# WHAT TO PRODUCE:
Take the lines from the one with "2023 Ford Explorer Platinum AWD" through the last line of the material below and write them out exactly, without any pictures.
[SUPPLIED MATERIAL Boundary: Start]
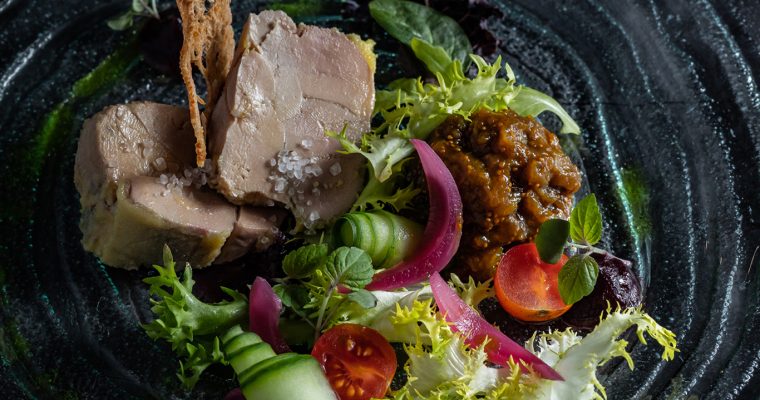 Kacsamáj fehérboros aszalt füge chutneyval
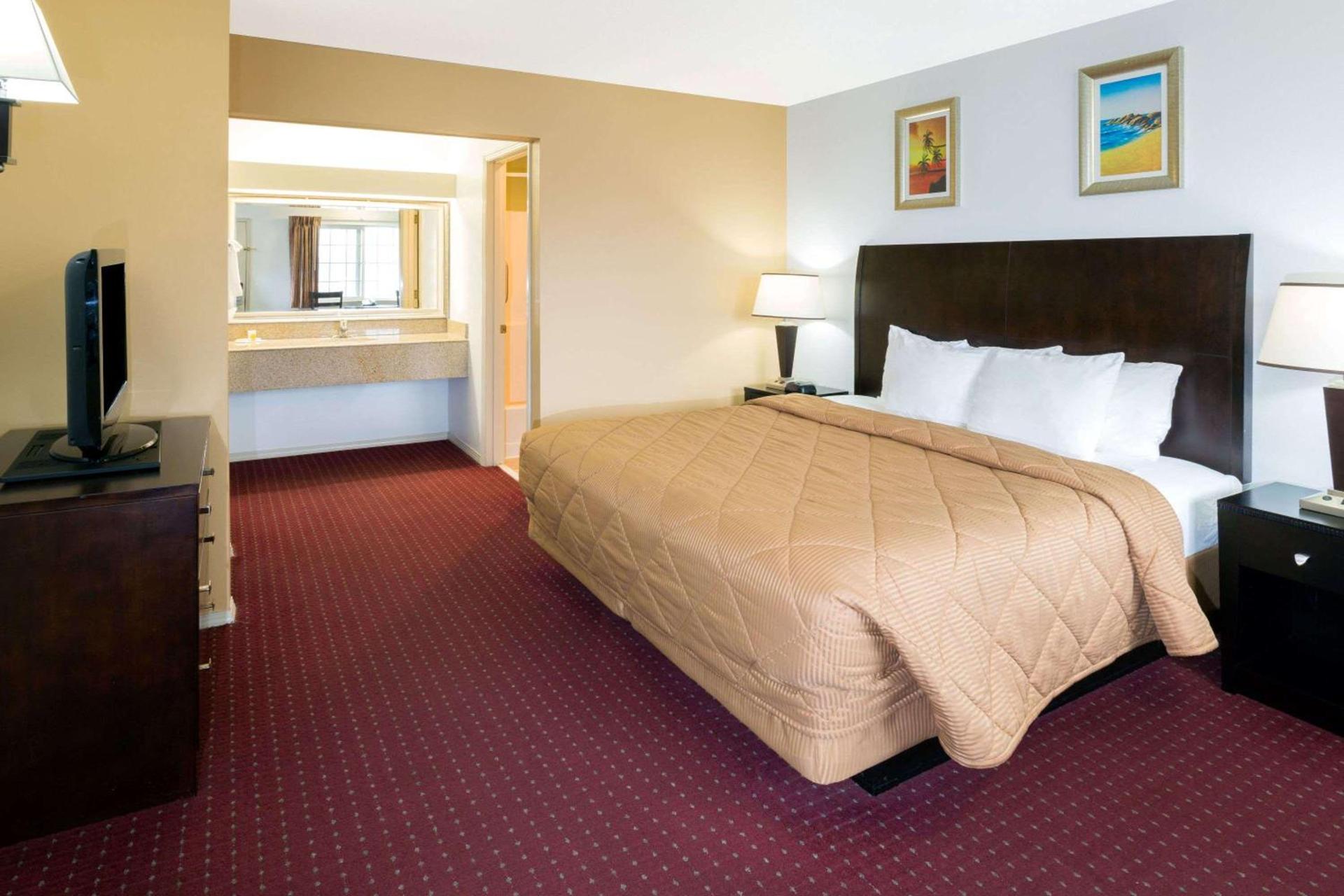 Days Inn by Wyndham Newport OR photo 5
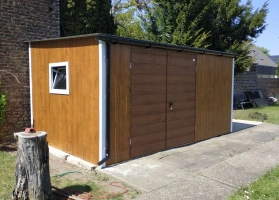 Garagen mit Acrylglas 81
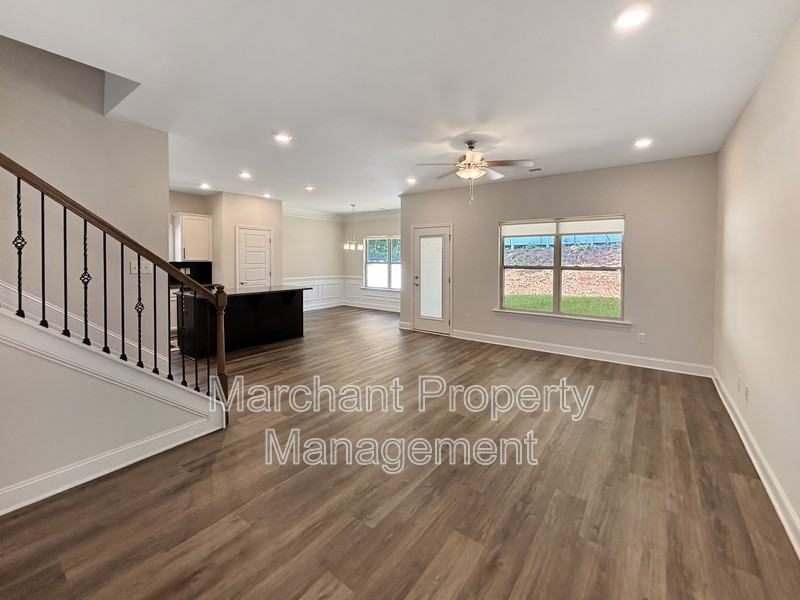 120 Starlight Dr - Photo 5 of 24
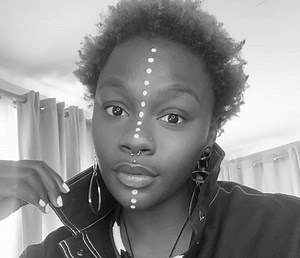 Amanda Black releases new single about self-love: "Enjoy your journey with yourself"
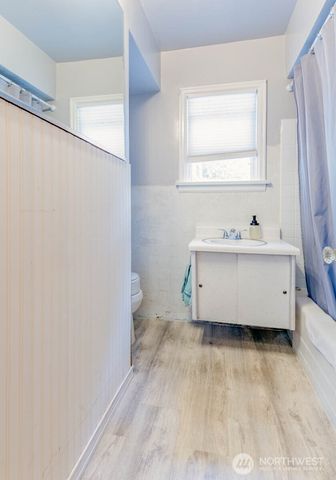 1121 Dill Way W, Bremerton, WA 98312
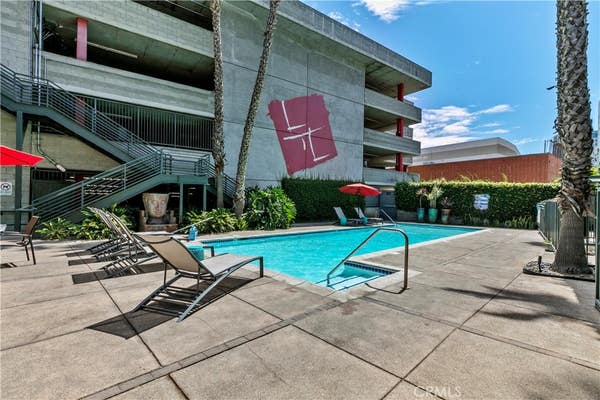 Studio, 1 bath, 790 sqft, $2,050, Unit 329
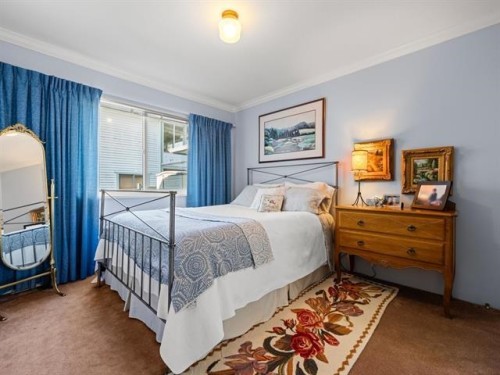 13383 14A Avenue, Surrey, BC - Indoor Photo Showing Bedroom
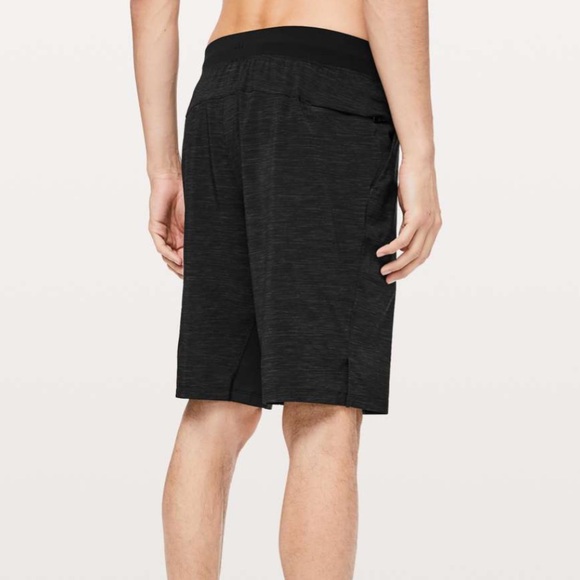 Lululemon T.H.E. Short *Linerless 11" (Heather Allover Deep Coal Black) - Picture 3 of 9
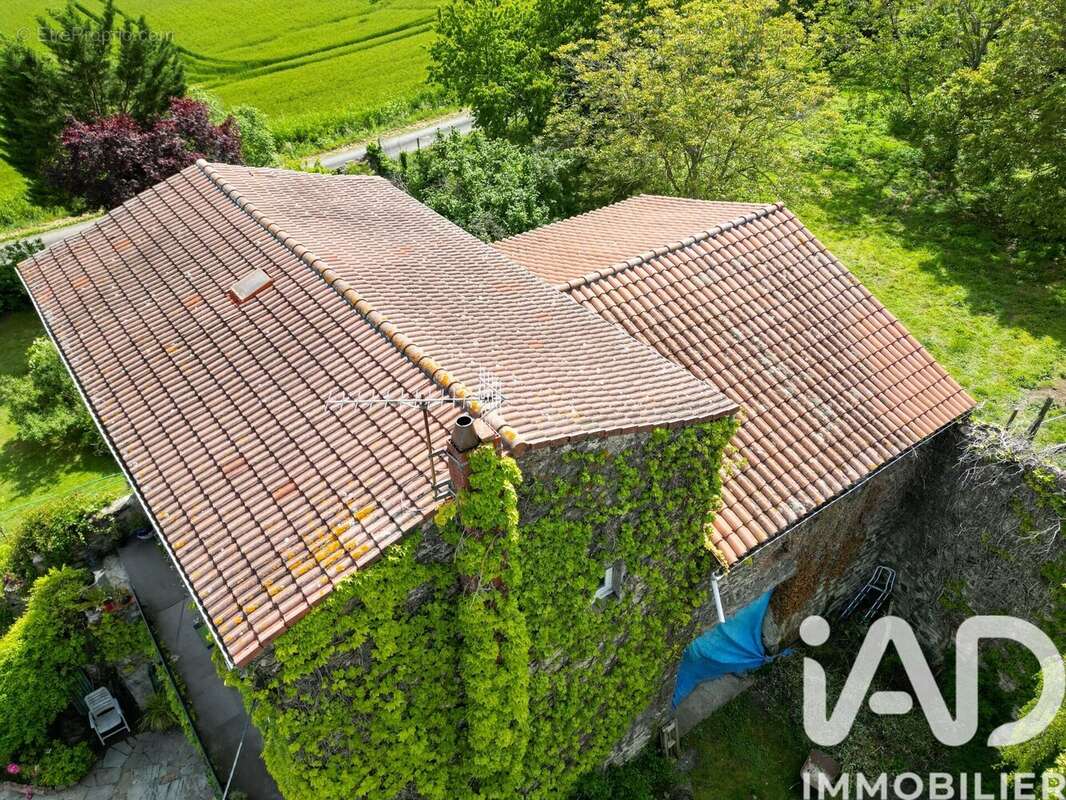 Maison 100 m² à Le Broc  - photo 4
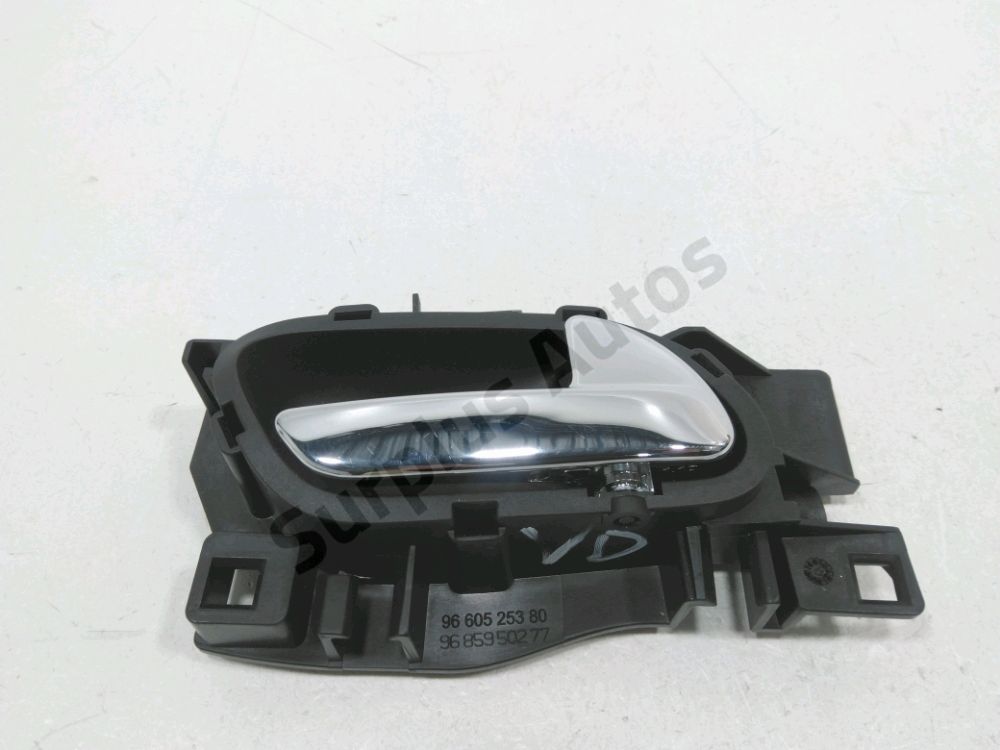 Poignee interieure porte avant droite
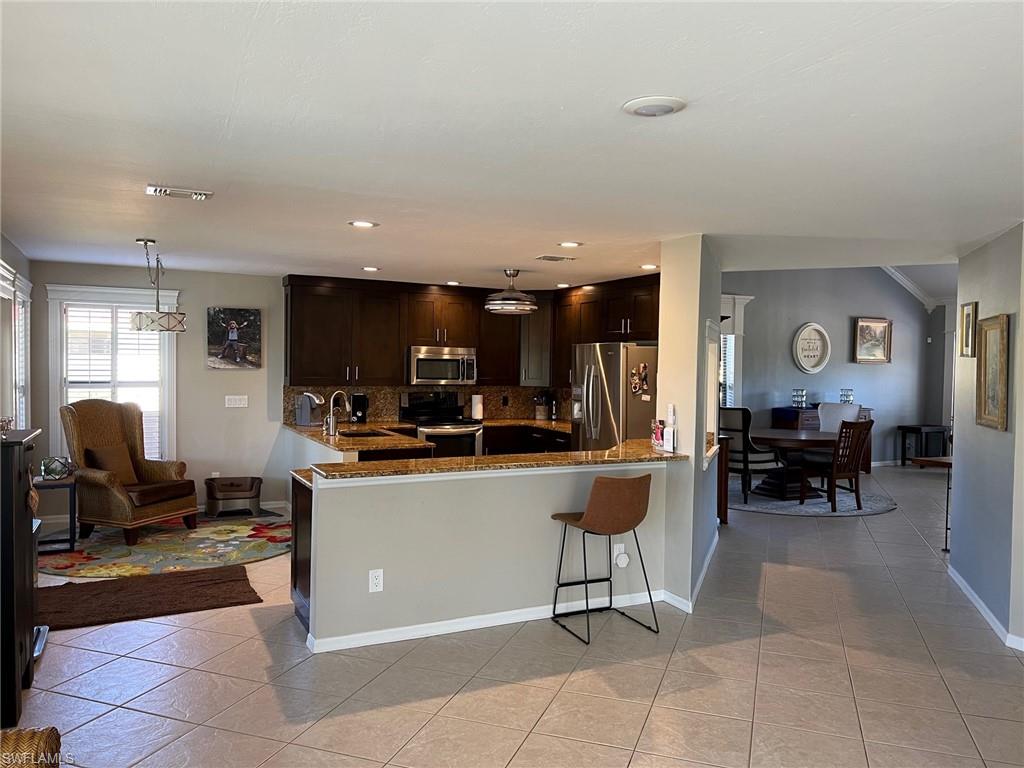 CAPE ROYAL - Residential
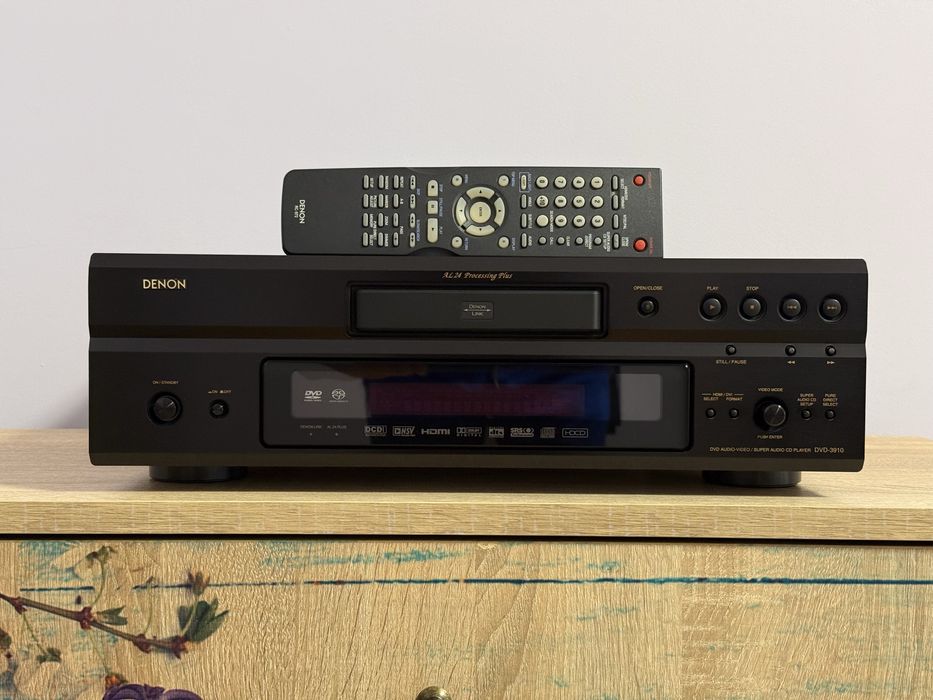 DENON DVD-3910 SACD /DVD/ CD Player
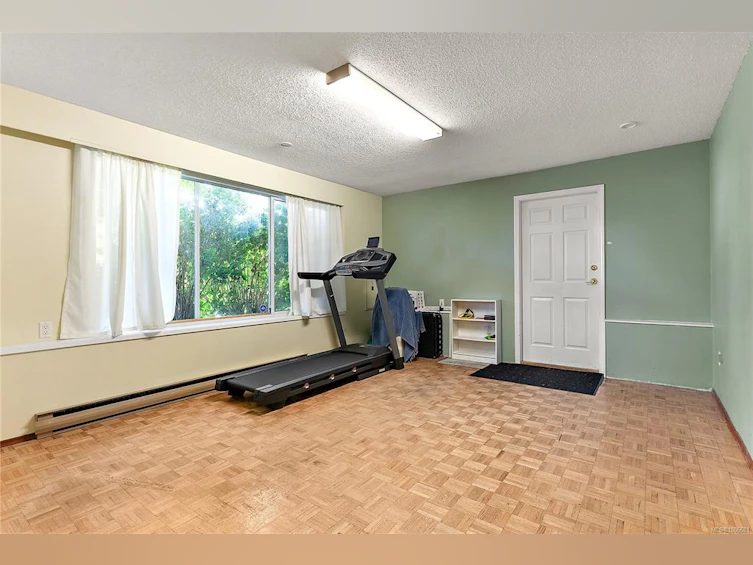 8028 Arthur Drive, Central Saanich, BC, V8M 1V5 - 42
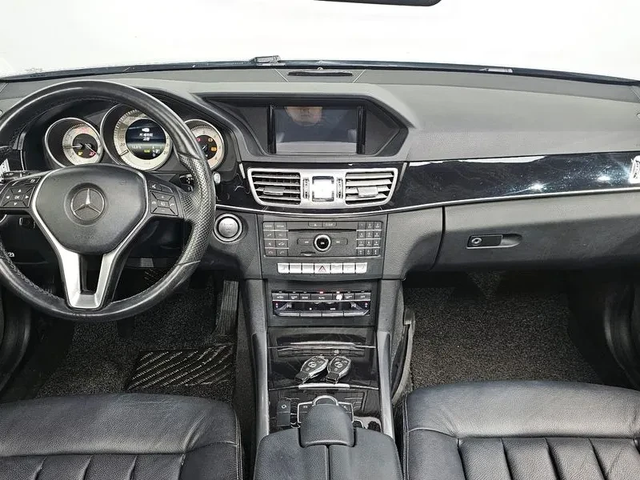 Mercedes-Benz E 220 Bluetech Avantgarde - автомобили, коли, обяви за нови и употребявани 6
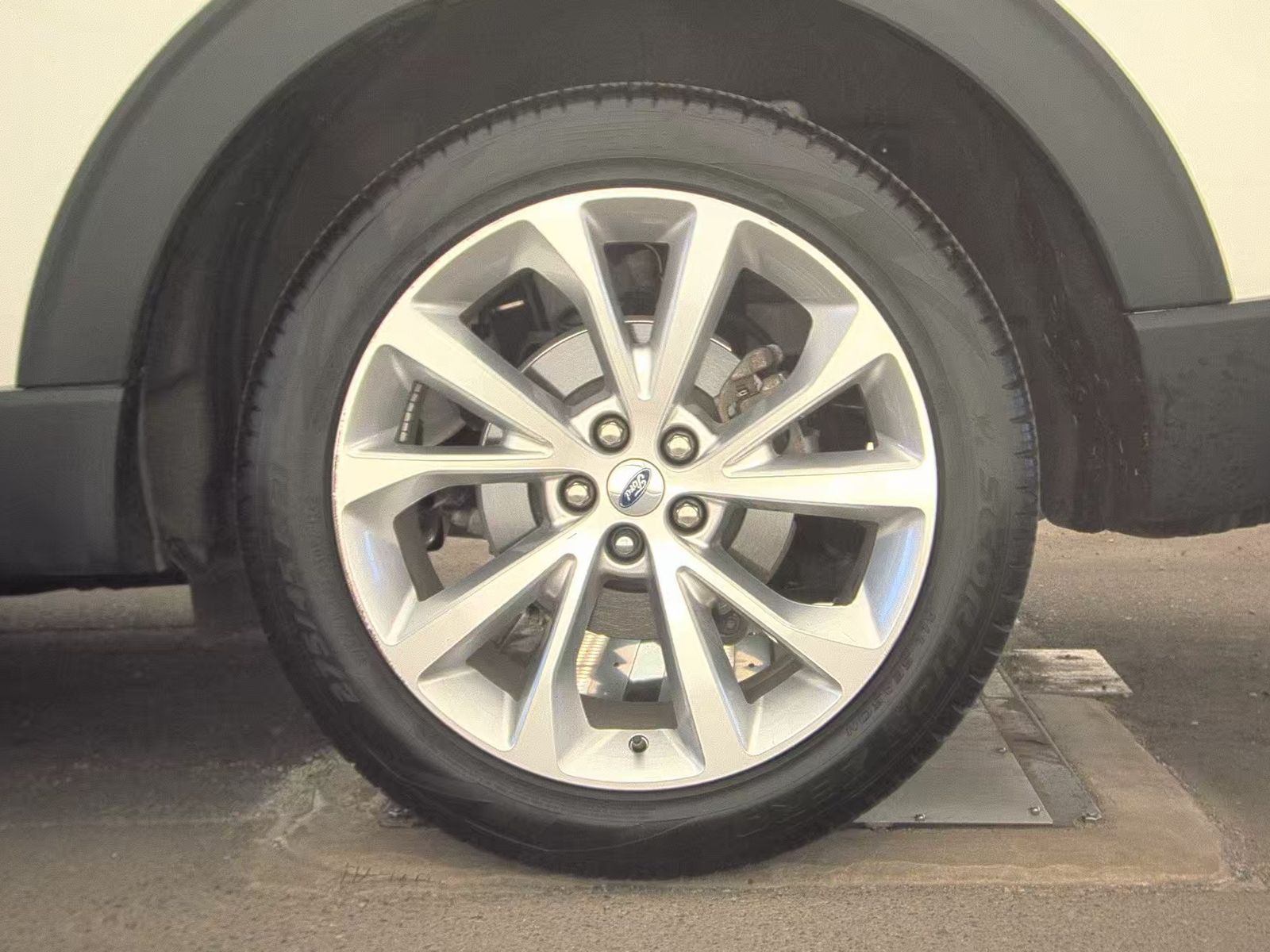 2023 Ford Explorer Platinum AWD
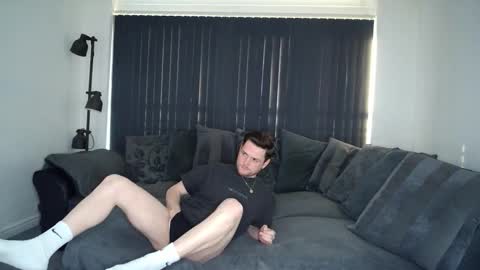 Snapshot of twotwinkhusbands chatting on 09/11/25, 05:46 RyanRowan online show from 09/11/25, 05:46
[SUPPLIED MATERIAL Boundary: End]
# ANSWER AREA:
 2023 Ford Explorer Platinum AWD
 Snapshot of twotwinkhusbands chatting on 09/11/25, 05:46 RyanRowan online show from 09/11/25, 05:46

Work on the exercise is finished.